• [Records from a data source]:

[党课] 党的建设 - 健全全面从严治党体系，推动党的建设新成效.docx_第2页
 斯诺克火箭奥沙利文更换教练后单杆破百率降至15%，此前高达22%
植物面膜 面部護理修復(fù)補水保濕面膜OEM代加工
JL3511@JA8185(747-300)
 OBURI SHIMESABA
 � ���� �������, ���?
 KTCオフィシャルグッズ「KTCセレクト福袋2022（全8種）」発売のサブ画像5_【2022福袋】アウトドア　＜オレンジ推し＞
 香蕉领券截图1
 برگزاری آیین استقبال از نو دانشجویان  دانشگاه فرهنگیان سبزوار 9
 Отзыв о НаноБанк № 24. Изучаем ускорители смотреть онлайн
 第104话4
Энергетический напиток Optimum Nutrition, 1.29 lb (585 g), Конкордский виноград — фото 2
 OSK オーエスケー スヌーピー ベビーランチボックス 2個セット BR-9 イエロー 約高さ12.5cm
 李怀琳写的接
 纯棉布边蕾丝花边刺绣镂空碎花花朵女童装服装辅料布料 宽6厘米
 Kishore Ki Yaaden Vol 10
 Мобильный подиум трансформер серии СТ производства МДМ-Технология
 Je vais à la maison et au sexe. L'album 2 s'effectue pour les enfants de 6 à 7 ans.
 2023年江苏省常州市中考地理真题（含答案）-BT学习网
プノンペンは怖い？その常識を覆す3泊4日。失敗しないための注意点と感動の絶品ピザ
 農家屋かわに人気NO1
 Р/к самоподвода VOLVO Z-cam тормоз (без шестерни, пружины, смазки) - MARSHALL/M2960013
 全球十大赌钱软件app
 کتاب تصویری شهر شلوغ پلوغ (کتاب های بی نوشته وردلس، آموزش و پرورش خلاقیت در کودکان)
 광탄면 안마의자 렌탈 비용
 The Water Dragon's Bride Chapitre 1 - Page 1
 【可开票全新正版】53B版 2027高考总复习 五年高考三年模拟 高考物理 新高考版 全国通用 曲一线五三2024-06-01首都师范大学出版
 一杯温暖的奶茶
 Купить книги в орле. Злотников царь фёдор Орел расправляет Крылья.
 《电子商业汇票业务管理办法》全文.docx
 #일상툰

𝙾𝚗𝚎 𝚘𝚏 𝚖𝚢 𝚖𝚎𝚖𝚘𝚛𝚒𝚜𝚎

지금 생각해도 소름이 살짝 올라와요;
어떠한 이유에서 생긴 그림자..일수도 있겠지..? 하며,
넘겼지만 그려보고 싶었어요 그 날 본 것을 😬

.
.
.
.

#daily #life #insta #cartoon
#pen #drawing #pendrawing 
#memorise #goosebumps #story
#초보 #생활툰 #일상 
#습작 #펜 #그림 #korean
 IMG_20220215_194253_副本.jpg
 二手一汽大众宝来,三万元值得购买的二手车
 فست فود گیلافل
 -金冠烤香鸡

• [DIRECTIONS FOR THIS TASK]:
Reproduce the data above in full, keeping it exactly the same.

• [SOLUTION FOR THIS PROBLEM]:
[党课] 党的建设 - 健全全面从严治党体系，推动党的建设新成效.docx_第2页
 斯诺克火箭奥沙利文更换教练后单杆破百率降至15%，此前高达22%
植物面膜 面部護理修復(fù)補水保濕面膜OEM代加工
JL3511@JA8185(747-300)
 OBURI SHIMESABA
 � ���� �������, ���?
 KTCオフィシャルグッズ「KTCセレクト福袋2022（全8種）」発売のサブ画像5_【2022福袋】アウトドア　＜オレンジ推し＞
 香蕉领券截图1
 برگزاری آیین استقبال از نو دانشجویان  دانشگاه فرهنگیان سبزوار 9
 Отзыв о НаноБанк № 24. Изучаем ускорители смотреть онлайн
 第104话4
Энергетический напиток Optimum Nutrition, 1.29 lb (585 g), Конкордский виноград — фото 2
 OSK オーエスケー スヌーピー ベビーランチボックス 2個セット BR-9 イエロー 約高さ12.5cm
 李怀琳写的接
 纯棉布边蕾丝花边刺绣镂空碎花花朵女童装服装辅料布料 宽6厘米
 Kishore Ki Yaaden Vol 10
 Мобильный подиум трансформер серии СТ производства МДМ-Технология
 Je vais à la maison et au sexe. L'album 2 s'effectue pour les enfants de 6 à 7 ans.
 2023年江苏省常州市中考地理真题（含答案）-BT学习网
プノンペンは怖い？その常識を覆す3泊4日。失敗しないための注意点と感動の絶品ピザ
 農家屋かわに人気NO1
 Р/к самоподвода VOLVO Z-cam тормоз (без шестерни, пружины, смазки) - MARSHALL/M2960013
 全球十大赌钱软件app
 کتاب تصویری شهر شلوغ پلوغ (کتاب های بی نوشته وردلس، آموزش و پرورش خلاقیت در کودکان)
 광탄면 안마의자 렌탈 비용
 The Water Dragon's Bride Chapitre 1 - Page 1
 【可开票全新正版】53B版 2027高考总复习 五年高考三年模拟 高考物理 新高考版 全国通用 曲一线五三2024-06-01首都师范大学出版
 一杯温暖的奶茶
 Купить книги в орле. Злотников царь фёдор Орел расправляет Крылья.
 《电子商业汇票业务管理办法》全文.docx
 #일상툰

𝙾𝚗𝚎 𝚘𝚏 𝚖𝚢 𝚖𝚎𝚖𝚘𝚛𝚒𝚜𝚎

지금 생각해도 소름이 살짝 올라와요;
어떠한 이유에서 생긴 그림자..일수도 있겠지..? 하며,
넘겼지만 그려보고 싶었어요 그 날 본 것을 😬

.
.
.
.

#daily #life #insta #cartoon
#pen #drawing #pendrawing 
#memorise #goosebumps #story
#초보 #생활툰 #일상 
#습작 #펜 #그림 #korean
 IMG_20220215_194253_副本.jpg
 二手一汽大众宝来,三万元值得购买的二手车
 فست فود گیلافل
 -金冠烤香鸡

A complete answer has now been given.